Similar to Oxygene above, the __mapped keyword can also be used inside the member bodies to refer to members of the real type, for C#, Swift and Java. in Mercury, the MyMapped keyword serves that role.

public __mapped class MyList<T> => List<T>
{
  public void Remove(T o)
  {
    var n = __mapped.IndexOf(o);
    if (n >= 0) 
      __mapped.Remove(n);
  }
}

public __mapped class MyList<T> => List<T> {
  func Remove(o: T) {
    let n = __mapped.IndexOf(o)
    if n >= 0 {
      __mapped.Remove(n)
    }
  }
}

public __mapped class MyList<T> => List<T>
{
  public void Remove(T o)
  {
    var n = __mapped.IndexOf(o);
    if (n >= 0) 
      __mapped.Remove(n);
  }
}

Public Class MyList<T> 
  MappedTo List<T>
  
  Function Remove(o As T)
    Dim n = MyMapped.IndexOf(o)
    if n >= 0 Then
      MyMapped.Remove(n)
    End If
  End Function

End Class

Note that unlike Oxygene, no shorthand syntax for mapping is provided, both because the inline nature of the C#, Swift and Mercury class structure makes that less necessary, and to keep changes/extensions to the C# standard and Swift syntax at a minimum.

Full Example

The code below shows a full example for the definition of a mapped class. More examples can be found by perusing the available Elements RTL source code.
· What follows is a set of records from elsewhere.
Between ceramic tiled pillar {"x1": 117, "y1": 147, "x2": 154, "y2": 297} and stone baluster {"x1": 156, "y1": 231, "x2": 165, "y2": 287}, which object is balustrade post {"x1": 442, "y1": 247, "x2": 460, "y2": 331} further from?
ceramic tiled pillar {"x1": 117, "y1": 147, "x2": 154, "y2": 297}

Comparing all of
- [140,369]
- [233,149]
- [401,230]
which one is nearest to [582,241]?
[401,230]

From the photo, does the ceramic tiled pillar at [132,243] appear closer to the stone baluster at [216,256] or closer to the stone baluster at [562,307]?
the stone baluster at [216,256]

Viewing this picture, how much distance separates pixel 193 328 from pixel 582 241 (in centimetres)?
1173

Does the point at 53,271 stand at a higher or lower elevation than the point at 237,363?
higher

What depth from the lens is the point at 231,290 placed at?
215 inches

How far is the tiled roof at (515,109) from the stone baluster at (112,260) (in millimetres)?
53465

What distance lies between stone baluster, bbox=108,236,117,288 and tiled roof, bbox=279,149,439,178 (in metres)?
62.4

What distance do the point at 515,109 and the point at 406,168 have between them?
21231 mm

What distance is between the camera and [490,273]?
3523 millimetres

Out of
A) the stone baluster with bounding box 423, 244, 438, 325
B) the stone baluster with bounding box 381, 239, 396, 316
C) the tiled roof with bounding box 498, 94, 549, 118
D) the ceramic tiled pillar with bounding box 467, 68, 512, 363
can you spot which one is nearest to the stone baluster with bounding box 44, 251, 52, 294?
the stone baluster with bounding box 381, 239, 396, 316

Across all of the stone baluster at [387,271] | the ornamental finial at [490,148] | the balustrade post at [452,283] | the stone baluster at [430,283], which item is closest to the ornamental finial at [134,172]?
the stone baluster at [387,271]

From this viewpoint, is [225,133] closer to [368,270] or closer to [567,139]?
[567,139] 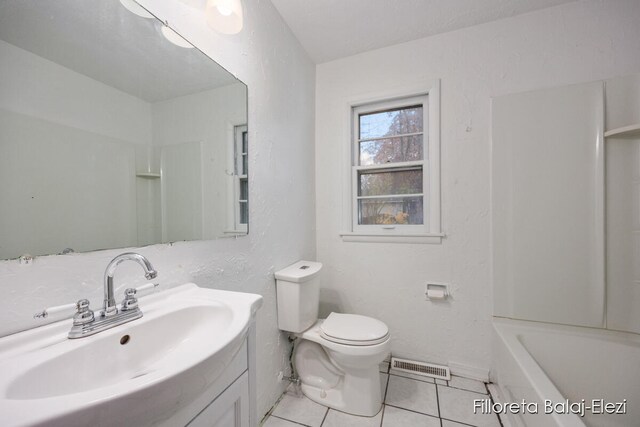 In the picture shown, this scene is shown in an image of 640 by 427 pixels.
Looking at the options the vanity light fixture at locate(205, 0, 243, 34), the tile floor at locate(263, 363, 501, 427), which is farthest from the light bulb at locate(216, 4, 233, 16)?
the tile floor at locate(263, 363, 501, 427)

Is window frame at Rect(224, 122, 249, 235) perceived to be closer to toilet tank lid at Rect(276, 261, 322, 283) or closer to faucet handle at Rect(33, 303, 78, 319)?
toilet tank lid at Rect(276, 261, 322, 283)

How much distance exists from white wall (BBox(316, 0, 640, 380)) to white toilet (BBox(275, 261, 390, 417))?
43 centimetres

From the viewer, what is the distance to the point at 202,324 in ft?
2.59

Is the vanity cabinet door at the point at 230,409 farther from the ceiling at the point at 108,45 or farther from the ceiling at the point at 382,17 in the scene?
the ceiling at the point at 382,17

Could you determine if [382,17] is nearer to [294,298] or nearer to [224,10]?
[224,10]

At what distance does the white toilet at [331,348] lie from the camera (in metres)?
1.32

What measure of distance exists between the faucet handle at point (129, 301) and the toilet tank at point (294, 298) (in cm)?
81

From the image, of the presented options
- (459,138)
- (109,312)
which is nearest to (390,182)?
(459,138)

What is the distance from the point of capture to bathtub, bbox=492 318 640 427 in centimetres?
116

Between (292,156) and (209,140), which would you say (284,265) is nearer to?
(292,156)

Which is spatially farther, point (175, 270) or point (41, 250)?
point (175, 270)

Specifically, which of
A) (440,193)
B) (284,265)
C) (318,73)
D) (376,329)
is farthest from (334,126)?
(376,329)

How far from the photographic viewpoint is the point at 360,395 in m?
1.36

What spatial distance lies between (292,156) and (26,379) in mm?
1454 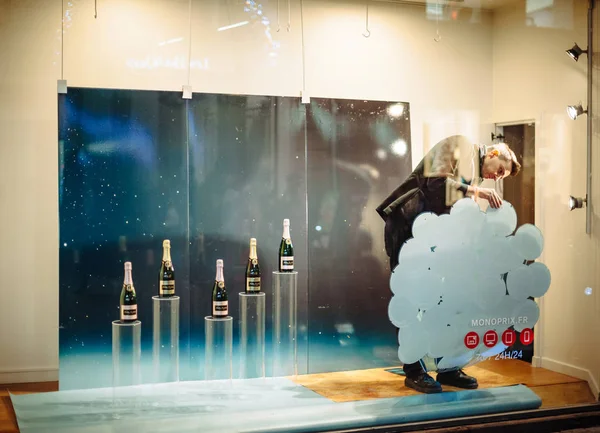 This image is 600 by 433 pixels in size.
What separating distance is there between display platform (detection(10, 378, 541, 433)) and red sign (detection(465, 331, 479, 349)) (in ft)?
1.01

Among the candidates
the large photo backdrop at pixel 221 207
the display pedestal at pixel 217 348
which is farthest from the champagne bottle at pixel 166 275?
the display pedestal at pixel 217 348

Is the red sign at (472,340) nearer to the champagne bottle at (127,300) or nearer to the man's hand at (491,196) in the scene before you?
the man's hand at (491,196)

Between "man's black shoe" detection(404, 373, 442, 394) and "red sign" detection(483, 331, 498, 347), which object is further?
"red sign" detection(483, 331, 498, 347)

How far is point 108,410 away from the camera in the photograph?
3643 mm

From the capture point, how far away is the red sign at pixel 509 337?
4.44 m

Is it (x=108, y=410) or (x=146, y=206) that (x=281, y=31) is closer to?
(x=146, y=206)

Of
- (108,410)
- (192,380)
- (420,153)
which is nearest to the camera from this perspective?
(108,410)

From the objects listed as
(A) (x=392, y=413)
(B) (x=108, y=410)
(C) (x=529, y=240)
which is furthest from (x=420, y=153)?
(B) (x=108, y=410)

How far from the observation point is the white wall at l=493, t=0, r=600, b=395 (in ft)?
14.8

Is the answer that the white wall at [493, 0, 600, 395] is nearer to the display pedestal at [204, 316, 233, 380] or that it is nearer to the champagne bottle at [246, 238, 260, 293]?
the champagne bottle at [246, 238, 260, 293]

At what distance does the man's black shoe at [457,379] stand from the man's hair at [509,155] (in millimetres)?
1188

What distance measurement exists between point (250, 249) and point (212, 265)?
22 centimetres

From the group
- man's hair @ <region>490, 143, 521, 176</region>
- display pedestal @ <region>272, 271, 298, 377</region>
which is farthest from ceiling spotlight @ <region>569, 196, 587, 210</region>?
display pedestal @ <region>272, 271, 298, 377</region>

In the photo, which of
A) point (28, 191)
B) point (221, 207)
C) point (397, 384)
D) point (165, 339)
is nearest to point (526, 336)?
point (397, 384) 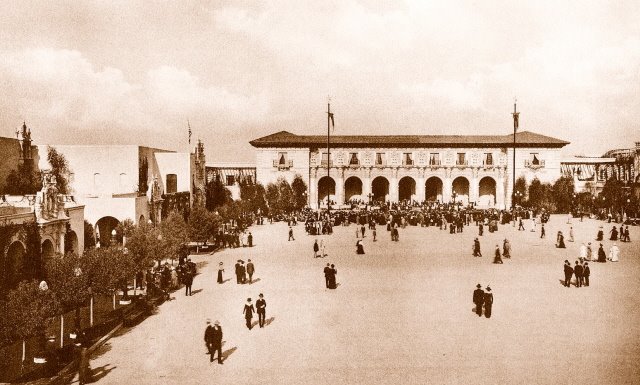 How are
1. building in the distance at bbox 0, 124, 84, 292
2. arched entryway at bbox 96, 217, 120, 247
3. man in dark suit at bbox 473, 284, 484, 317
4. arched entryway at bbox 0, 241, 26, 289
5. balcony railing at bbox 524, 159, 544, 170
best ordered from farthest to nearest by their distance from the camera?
balcony railing at bbox 524, 159, 544, 170
arched entryway at bbox 96, 217, 120, 247
building in the distance at bbox 0, 124, 84, 292
arched entryway at bbox 0, 241, 26, 289
man in dark suit at bbox 473, 284, 484, 317

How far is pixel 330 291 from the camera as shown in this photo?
1836 cm

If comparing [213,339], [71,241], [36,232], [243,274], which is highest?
[36,232]

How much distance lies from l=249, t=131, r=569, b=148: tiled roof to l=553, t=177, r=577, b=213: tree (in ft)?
31.6

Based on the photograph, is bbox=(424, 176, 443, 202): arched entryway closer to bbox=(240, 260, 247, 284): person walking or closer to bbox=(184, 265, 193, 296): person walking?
bbox=(240, 260, 247, 284): person walking

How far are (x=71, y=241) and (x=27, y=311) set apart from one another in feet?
43.0

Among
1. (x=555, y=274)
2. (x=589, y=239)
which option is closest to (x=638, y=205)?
(x=589, y=239)

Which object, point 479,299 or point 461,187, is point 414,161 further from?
point 479,299

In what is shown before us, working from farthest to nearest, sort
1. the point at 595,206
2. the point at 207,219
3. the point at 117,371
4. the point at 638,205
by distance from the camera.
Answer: the point at 595,206 → the point at 638,205 → the point at 207,219 → the point at 117,371

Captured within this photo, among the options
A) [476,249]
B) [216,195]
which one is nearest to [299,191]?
[216,195]

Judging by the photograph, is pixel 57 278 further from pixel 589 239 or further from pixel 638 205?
pixel 638 205

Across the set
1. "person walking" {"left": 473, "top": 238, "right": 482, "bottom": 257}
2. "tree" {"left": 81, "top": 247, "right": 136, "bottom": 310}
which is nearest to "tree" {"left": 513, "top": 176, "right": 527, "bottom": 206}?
"person walking" {"left": 473, "top": 238, "right": 482, "bottom": 257}

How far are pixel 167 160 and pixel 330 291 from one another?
96.1 feet

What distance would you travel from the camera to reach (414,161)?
210 feet

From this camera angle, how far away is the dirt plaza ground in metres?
11.0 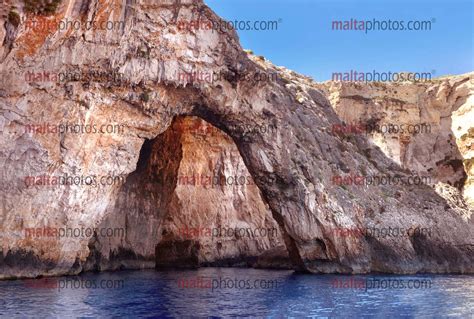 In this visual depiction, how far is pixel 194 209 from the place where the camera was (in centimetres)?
4922

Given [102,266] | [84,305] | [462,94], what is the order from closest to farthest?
[84,305], [102,266], [462,94]

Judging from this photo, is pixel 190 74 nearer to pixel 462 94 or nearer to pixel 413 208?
pixel 413 208

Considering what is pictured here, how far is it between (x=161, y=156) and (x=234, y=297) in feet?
70.6

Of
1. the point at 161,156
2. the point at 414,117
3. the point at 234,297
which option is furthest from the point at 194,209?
the point at 414,117

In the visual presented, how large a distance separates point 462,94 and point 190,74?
3877 centimetres

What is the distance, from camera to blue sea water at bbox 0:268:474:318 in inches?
788

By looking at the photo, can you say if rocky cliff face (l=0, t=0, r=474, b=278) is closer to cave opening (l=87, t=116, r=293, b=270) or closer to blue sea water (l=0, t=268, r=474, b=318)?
cave opening (l=87, t=116, r=293, b=270)

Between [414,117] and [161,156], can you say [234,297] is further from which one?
[414,117]

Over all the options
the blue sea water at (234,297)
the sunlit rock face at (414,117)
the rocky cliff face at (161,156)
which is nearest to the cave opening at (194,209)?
the rocky cliff face at (161,156)

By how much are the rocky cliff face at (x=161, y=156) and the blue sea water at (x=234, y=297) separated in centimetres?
326

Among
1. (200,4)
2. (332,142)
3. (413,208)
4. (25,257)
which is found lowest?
(25,257)

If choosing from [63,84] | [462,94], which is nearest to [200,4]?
[63,84]

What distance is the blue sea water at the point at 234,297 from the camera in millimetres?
20016

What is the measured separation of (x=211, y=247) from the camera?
4891 cm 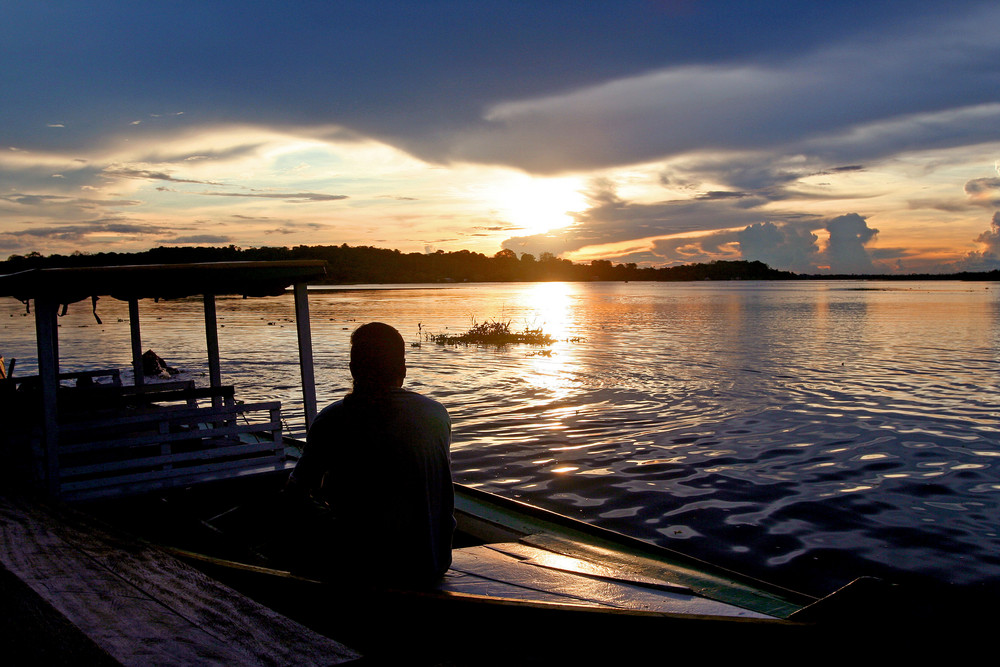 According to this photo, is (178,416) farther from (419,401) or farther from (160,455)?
(419,401)

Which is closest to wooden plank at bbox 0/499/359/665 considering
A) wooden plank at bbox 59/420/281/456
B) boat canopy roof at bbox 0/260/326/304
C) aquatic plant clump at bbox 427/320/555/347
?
wooden plank at bbox 59/420/281/456

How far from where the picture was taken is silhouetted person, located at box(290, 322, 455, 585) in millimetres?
3881

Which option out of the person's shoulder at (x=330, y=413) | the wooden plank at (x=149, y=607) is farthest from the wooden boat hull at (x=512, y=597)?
the person's shoulder at (x=330, y=413)

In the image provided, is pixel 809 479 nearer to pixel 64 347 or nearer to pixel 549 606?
pixel 549 606

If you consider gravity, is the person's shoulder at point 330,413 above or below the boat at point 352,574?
above

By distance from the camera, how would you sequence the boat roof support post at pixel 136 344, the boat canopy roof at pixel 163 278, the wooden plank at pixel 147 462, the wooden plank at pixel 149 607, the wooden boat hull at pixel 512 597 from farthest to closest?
the boat roof support post at pixel 136 344, the wooden plank at pixel 147 462, the boat canopy roof at pixel 163 278, the wooden plank at pixel 149 607, the wooden boat hull at pixel 512 597

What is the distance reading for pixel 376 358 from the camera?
387cm

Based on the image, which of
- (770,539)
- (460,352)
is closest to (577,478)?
(770,539)

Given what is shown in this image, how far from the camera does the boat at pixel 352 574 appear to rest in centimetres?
251

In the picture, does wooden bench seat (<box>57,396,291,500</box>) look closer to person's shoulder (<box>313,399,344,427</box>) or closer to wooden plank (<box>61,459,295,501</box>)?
wooden plank (<box>61,459,295,501</box>)

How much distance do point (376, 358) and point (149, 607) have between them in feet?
6.01

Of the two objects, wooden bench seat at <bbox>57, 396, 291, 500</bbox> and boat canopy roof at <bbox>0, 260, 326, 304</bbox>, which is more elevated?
boat canopy roof at <bbox>0, 260, 326, 304</bbox>

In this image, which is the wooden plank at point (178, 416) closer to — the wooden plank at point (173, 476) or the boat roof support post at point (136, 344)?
the wooden plank at point (173, 476)

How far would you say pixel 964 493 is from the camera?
10195mm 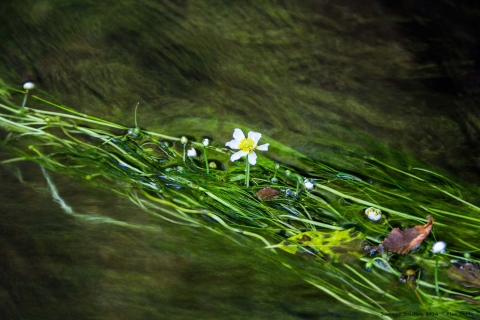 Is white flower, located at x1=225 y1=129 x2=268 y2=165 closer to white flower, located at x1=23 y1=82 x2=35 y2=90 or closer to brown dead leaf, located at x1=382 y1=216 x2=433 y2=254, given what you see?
brown dead leaf, located at x1=382 y1=216 x2=433 y2=254

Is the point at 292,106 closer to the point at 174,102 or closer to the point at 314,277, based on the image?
the point at 174,102

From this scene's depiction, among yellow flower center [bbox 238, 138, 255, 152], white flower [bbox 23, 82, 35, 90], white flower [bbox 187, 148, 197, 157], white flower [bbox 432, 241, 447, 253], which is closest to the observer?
white flower [bbox 432, 241, 447, 253]

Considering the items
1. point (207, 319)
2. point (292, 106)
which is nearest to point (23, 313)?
point (207, 319)

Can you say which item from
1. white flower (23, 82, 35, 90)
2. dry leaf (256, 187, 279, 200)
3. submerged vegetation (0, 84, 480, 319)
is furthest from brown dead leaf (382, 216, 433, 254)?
white flower (23, 82, 35, 90)

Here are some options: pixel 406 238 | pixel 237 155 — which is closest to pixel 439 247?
pixel 406 238

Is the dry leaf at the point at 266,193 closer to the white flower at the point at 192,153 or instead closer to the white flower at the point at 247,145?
the white flower at the point at 247,145

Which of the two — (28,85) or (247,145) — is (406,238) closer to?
(247,145) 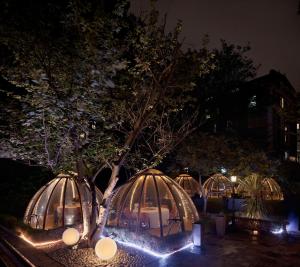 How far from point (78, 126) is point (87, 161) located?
193 cm

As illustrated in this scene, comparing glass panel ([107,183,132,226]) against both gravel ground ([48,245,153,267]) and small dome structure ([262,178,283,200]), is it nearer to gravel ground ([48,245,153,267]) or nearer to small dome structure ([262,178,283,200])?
gravel ground ([48,245,153,267])

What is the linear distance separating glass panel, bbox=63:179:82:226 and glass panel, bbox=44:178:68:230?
19 centimetres

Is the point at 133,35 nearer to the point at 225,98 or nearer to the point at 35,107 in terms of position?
the point at 35,107

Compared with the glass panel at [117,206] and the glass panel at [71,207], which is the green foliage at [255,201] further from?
the glass panel at [71,207]

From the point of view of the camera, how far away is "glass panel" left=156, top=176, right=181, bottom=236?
398 inches

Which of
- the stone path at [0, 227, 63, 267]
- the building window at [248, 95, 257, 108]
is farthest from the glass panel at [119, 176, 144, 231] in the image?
the building window at [248, 95, 257, 108]

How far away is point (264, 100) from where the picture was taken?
1282 inches

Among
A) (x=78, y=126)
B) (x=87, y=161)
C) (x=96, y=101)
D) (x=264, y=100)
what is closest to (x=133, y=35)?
(x=96, y=101)

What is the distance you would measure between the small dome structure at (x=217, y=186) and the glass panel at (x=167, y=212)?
13558 millimetres

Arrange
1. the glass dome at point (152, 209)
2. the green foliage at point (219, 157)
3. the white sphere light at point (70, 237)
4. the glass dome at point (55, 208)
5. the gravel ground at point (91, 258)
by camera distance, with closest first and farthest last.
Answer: the gravel ground at point (91, 258) < the white sphere light at point (70, 237) < the glass dome at point (152, 209) < the glass dome at point (55, 208) < the green foliage at point (219, 157)

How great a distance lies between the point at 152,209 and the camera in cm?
1088

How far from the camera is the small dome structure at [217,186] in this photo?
24681mm

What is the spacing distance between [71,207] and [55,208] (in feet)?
2.25

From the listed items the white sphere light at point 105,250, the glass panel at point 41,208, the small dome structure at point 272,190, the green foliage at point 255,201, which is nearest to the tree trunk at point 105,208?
the white sphere light at point 105,250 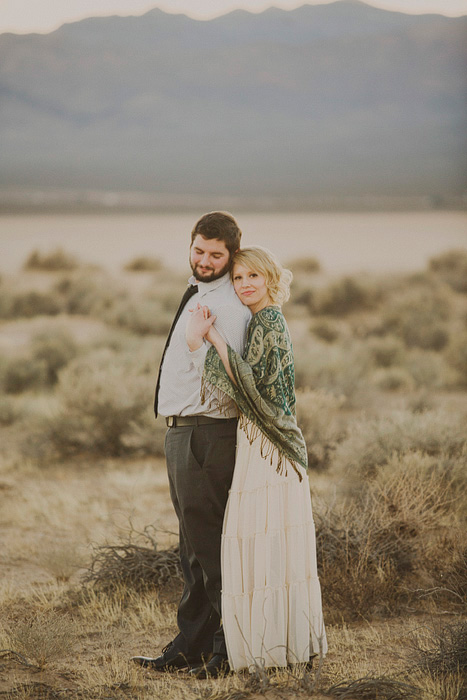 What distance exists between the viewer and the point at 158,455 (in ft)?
33.2

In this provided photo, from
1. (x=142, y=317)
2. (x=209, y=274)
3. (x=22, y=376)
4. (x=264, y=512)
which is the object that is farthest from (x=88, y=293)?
(x=264, y=512)

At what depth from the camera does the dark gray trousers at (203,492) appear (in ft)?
13.7

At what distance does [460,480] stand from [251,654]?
10.5 ft

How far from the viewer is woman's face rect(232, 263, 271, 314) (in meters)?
4.14

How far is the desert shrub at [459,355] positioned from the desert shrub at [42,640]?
37.8 ft

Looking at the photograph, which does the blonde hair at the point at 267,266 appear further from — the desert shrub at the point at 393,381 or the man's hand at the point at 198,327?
the desert shrub at the point at 393,381

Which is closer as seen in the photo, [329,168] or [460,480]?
[460,480]

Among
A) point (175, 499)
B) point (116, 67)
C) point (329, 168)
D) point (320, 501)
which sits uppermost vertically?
point (116, 67)

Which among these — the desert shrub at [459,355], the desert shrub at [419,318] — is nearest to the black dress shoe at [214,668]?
the desert shrub at [459,355]

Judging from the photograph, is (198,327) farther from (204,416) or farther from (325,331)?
(325,331)

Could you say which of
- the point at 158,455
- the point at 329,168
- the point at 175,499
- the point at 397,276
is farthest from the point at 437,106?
the point at 175,499

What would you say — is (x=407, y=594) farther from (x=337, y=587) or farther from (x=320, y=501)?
(x=320, y=501)

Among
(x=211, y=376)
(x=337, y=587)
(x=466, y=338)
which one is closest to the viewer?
(x=211, y=376)

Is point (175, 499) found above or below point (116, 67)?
below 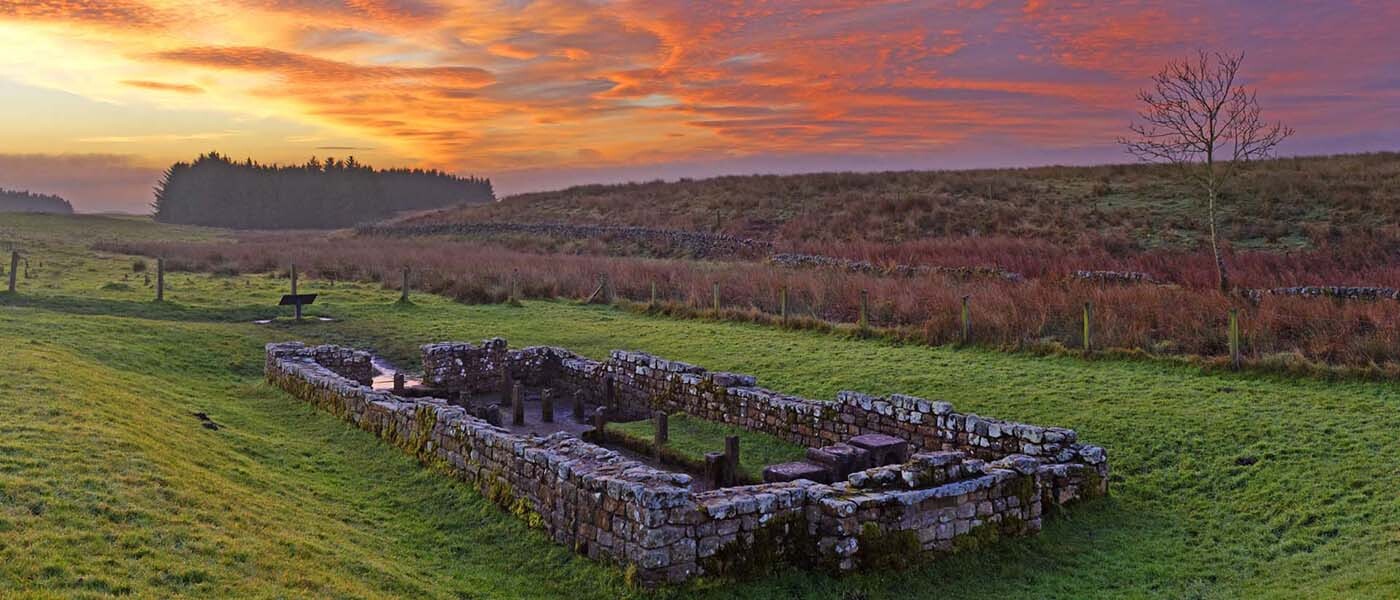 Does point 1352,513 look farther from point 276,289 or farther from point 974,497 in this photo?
point 276,289

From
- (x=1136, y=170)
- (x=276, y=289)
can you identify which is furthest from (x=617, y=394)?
(x=1136, y=170)

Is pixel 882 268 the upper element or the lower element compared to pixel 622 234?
lower

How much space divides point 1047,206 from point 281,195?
4906 inches

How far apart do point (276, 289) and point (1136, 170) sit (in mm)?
49868

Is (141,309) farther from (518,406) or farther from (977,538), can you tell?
(977,538)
namespace System.Collections;

interface

uses
  java.util;

type
  List<T> = public class mapped to ArrayList<T>
  public
  
    method Add(o: T); mapped to add(o);
    method RemoveAt(i: Integer); mapped to remove(i);
    
    method Remove(o: T);
    begin
      var n := mapped.IndexOf(o);
      if n >= 0 then mapped.Remove(n);
    end;
    
    property Length: Integer read mapped.size;
    property Item[i: Integer]: T read mapped[i] write mapped[i]; default;
  end;

method List<T>.Remove(o: T);

namespace System.Collections
{
    using java.util;

    public __mapped class List<T> => ArrayList<T>
    {
        public void Add(T o) { __mapped.add(o); }
        public void RemoveAt(int i) { __mapped.remove(i); }
        public void Remove(T o)
        {
            var n = __mapped.IndexOf(o);
            if (n >= 0) 
                __mapped.Remove(n);
        }
        public int Length 
        {
            get
            {
                return __mapped.size;
            }
        }
        public T this(int i) 
        { 
            get 
            { 
                return __mapped[i]; 
            } 
            set
            { 
                __mapped[i] = value;
            }
        }
    }
}

import java.util

public __mapped class List<T> => ArrayList<T> {
    public func Add(o: T) {
       __mapped.add(o)
    }
    public func RemoveAt(i: Int) {
      __mapped.remove(i)
    }
    public void Remove(T o) {
        et n = __mapped.IndexOf(o)
        if (n >= 0) {
            __mapped.Remove(n)
        }
    }
    public var Length: Int {
        eturn __mapped.size
    }
    public subscript(i: Int) -> T {
        get {
            return __mapped[i]
        }
        set {
            __mapped[i] = newValue
        }
    }
}

package System.Collections;

import java.util.*;

public __mapped class List<T> => ArrayList<T>
{
    public void Add(T o) { __mapped.add(o); }
    public void RemoveAt(int i) { __mapped.remove(i); }
    public void Remove(T o)
    {
        var n = __mapped.IndexOf(o);
        if (n >= 0) 
            __mapped.Remove(n);
    }
    public int Length { get { return __mapped.size } }
    public T this(int i) { get { return __mapped[i]; } set { __mapped[i] = value; } }
}

Imports java.util

Public Cass List<T> 
  MappedTo ArrayList<T>
  
  Public Funcion Add(o As T)
     MyMapped.add(o) 
  End Function
  
  Public Funcion RemoveAt(i: Int) {
    MyMapped.remove(i)
  End Function

  Public Sub Remove(T o) {
    Dim n = MyMapped.IndexOf(o)
    If n >= 0 Then
      MyMapped.Remove(n)
    End If
  End Sub
  
  Public Property Length: Int {
    return MyMapped.size
  End Property
  
  Public Property(i: Int) -> T {
    Get
      Return MyMapped[i]
    End Get
    Set
      MyMapped[i] = Value
    End Set
  End Property

End Class